Cannibal Tours 1988
The quote by Albert Camus says it all at the opening of the film: “There is nothing so strange in a strange land, as the stranger who comes to visit it.” The film suggests that the natives of New Guinea are not the ones we should be concerned with, but rather the Europeans who come to take pictures of them as though they were collecting snapshots of curiosities and eccentricities that will make their collection of oddities at home even more special. The reality is that the Europeans are far more intriguing because there is some disconnect between themselves and their sense of self. It is almost as if they are unaware of themselves in their hyper-awareness of the natives. The natives on the other hand simply accept the Europeans as weird but harmless, and so the natives act friendly to them.

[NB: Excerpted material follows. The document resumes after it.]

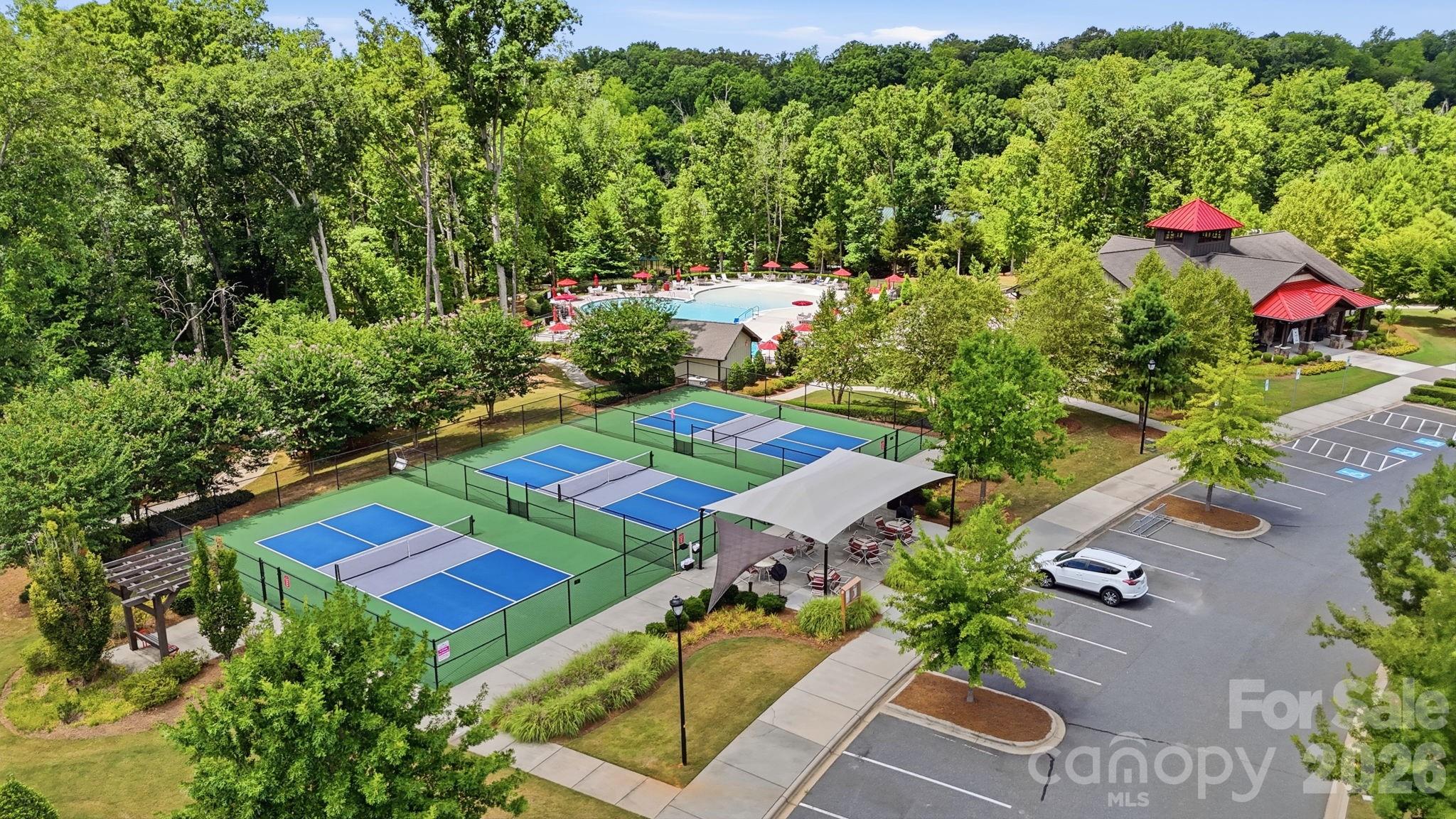 5005 Big Bend Drive Property Photo 46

In the one exchange, the Europeans are posing with the native children, and one climbs onto the log where the young woman is sitting. She poses like she is posing with an exotic wild animal. Would she pose this way for children at home? Why is she so happy and desirous of having this moment captured on film? This scene cuts to another European woman motioning to her subjects about how she wants them to pose for the camera. Then we see a native looking slightly humored by the whole thing looking right into the camera at the viewer, and the subtitles give us what he is saying: “When the tourists come to our village, we are friendly towards them. They like to see all the things in the village.” There is the sense that the natives are just humoring the tourists and that the tourists are entitled to take their pictures and have a look around. But both view the other as oddities, ironically.
So the natives pose, and the Europeans give them some money and the native says that he buys things that he likes when he is asked what he does with the money. It is an easy way for them to earn a living and the Europeans are grateful for just a few still shots of the exotic people.
The natives dance for them and perform and the Europeans capture the images for memory’s sake, as the one European later says to the camera to explain why he wants to take a picture of himself on a stone with a native. But what is he preserving for memory? What is he experiencing? What the two are experiencing and saying in their interviews reveals very little depth of real human interaction. Why must the Europeans travel thousands of miles across the world to a remote place to feel happy and alive and feel glad to take pictures of human beings? Can’t they do it at home? Surely there are people in Europe too!
The reality is as Camus suggests, we are strangers to ourselves and do not know who we are. At home we are stuck with ourselves and our lack of knowledge of ourselves is stifling and frustrating, so it takes an exotic expedition to wake us up and get the blood flowing. Do the natives understand this about the tourists? I think that they implicitly do, because they play the part that is expected of them and are rewarded in the process. Theirs is a simple part. They are not as encumbered by the malaise of the modern world as the Europeans, who have a whole history of the existential crisis of life death, salvation, redemption, damnation, and rejection to deal with that they would rather not take the time to actually deal with. It is easier to ignore all that and focus on the novel, the eccentric, the exciting, and the bizarre. I suppose that it makes them feel better about themselves. The natives do not seem to mind. They accept the Europeans, which shows that they are probably more mature and understanding.